Garrie was born in Grafton, famous for its jacaranda trees. He is the son of a boiler maker and who was bullied and marginalised as a result of his small build and being of Irish decent, he was known locally as ‘Boxer’ because he wasn’t. His mother died when he was seven. Garrie was of small build, an artistic temperament and of Irish decent. Australia has always marginialised some sector of society. Garrie has always been keenly aware of the power dynamics and performance of masculinity. He rebelled by going to Church, going as far as doing half a BTh which still forms part of his theoretical approach. He is interested in the whole before the parts, the humanity before the gloss, making heroes of every man not just the media approves and promotes. How to perform masculinity became the central question for him as he failed at all attempts to be heterosexual.
He found a home in the gay community producing exhibitions that questioned which males is desirable and who should be represented in the ‘give-to-be-seen’ rather than produce work that is ‘given-to-be-sold’ and/or the subjects to be lusted over, which is the emphasis of most community gay male art. Here he produced exhibitions that toured Australia and some internationally. These exhibitions presented many men of different, abilities, ethnicities and builds and presented them as equals.
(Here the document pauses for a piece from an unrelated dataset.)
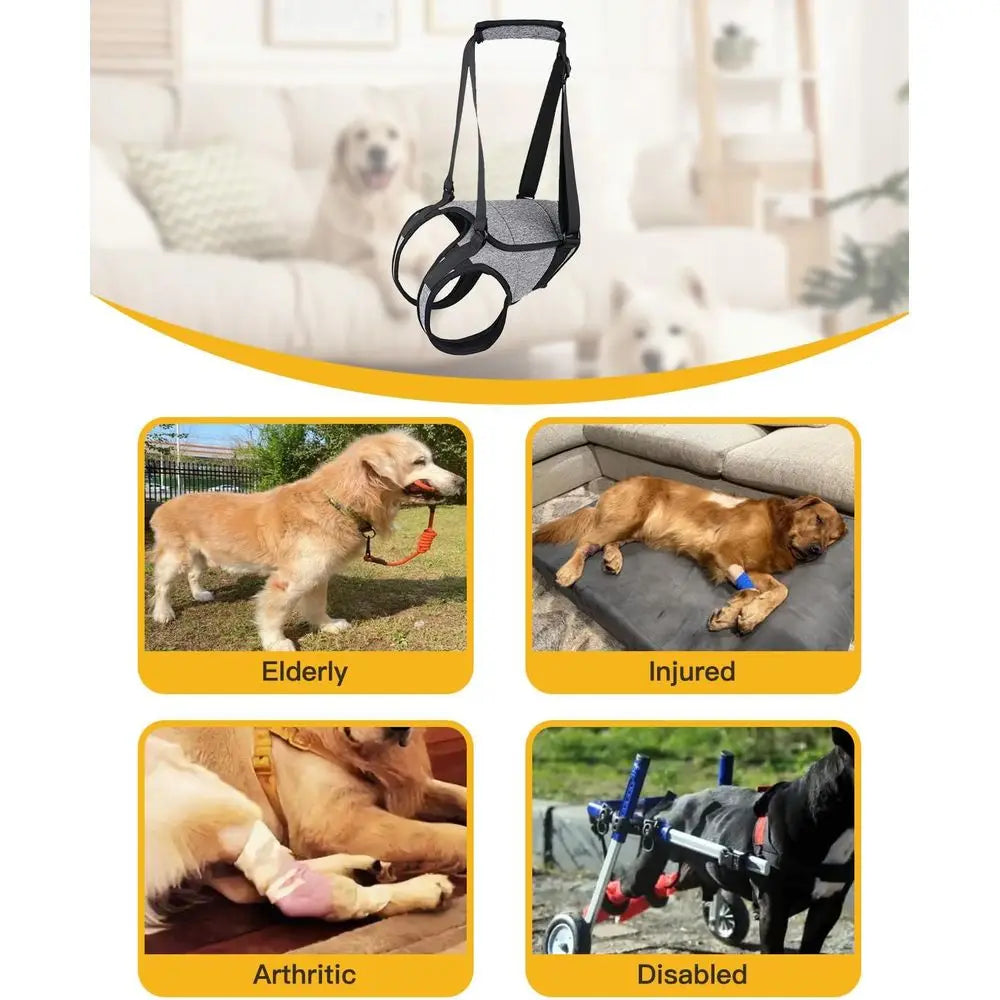 Adjustable Padded Harness for Elderly Dog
He was part of the curatorial team for the 2008 Midsumma visual arts festival including showing the work of Michael Shaowanasai, who twice represented Thailand at the Venice Biennale.
In 2011 he graduated from RMIT having achieved an MA, that took these themes and formalised them via an investigation of the conceptional frameworks of Chinese and Australian masculinity. This was followed up with artist in residence programmes at Red Gate Gallery and Three Shadows Photographic Art Centre in Beijing. He stayed on to work with Brian Wallace at Red Gate immersing himself the Beijing arts scene including curating China::Chinese exhibition in 2013. This time also cemented his thoughts that it is time to move from an Western Europe and North American (WENA) perspective of photography and look at North South axis (Australia through Asia) without reference to WENA and consider it on its own terms. Up until the 1990s photographic histories did not acknowledge practitioners outside WENA then it became about the current Asian power house (first Japan, now China).